DESCRIPTION OF THE TASK: Where the line with "AskLive – screenshot 4" appears in the records below, start there and transcribe each line exactly through the last.

Segment Open

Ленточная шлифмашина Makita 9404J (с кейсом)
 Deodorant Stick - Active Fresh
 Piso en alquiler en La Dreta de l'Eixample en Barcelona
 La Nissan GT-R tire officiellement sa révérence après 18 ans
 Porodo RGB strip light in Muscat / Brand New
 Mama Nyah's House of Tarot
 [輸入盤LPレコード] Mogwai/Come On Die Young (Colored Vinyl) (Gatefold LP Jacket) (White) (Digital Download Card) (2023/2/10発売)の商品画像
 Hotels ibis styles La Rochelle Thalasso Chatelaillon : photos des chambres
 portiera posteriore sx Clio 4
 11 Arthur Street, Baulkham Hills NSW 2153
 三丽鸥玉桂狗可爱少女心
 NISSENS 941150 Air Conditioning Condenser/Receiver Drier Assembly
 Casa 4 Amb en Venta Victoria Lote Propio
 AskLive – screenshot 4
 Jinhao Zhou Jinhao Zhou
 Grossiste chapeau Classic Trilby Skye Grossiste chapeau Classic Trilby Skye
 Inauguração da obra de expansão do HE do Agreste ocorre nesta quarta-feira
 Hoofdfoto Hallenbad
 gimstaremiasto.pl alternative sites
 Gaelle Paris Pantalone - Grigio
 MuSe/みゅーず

Segment Closed

OUTPUT:
 AskLive – screenshot 4
 Jinhao Zhou Jinhao Zhou
 Grossiste chapeau Classic Trilby Skye Grossiste chapeau Classic Trilby Skye
 Inauguração da obra de expansão do HE do Agreste ocorre nesta quarta-feira
 Hoofdfoto Hallenbad
 gimstaremiasto.pl alternative sites
 Gaelle Paris Pantalone - Grigio
 MuSe/みゅーず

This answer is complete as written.